Senate Finance Committee Chairman Mike Crapo (R-ID) late yesterday released the tax title of the Senate reconciliation bill, following House passage of that chamber’s version of the legislation last month. The Senate bill contains an even greater expansion of the Housing Credit than that provided by the House-passed bill. The Senate’s draft amendment contains two major provisions:
- Increasing 9 Percent Credit Housing Credit authority by 12 percent permanently
- Lowering the 50 percent private activity bond (PAB) threshold test to 25 percent permanently
While the increase in Housing Credit authority is slightly smaller on a percentage basis and the Senate bill does not contain the up-to-30 percent basis boosts for properties in rural and tribal communities, its expansion of Housing Credit resources overall outpaces what is provided in the House bill due to the permanent nature of the provisions.

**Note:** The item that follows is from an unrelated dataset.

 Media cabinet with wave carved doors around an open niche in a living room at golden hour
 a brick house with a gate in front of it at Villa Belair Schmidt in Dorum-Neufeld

Novogradac will soon provide updated estimates of unit production under the Senate language, however, based on its prior estimate for the Affordable Housing Credit Improvement Act’s permanent provisions, the Senate bill would produce more than one million affordable homes over the next decade than otherwise possible. The House-passed bill would have increased the 9 Percent Credit by 12.5 percent, instead of 12 percent, for four years; lowered the 50 percent test for bond-financed 4 Percent Credit properties for four years, and created the two basis boosts for rural and tribal communities for four years; it would have produced 527,700 additional affordable homes nationwide.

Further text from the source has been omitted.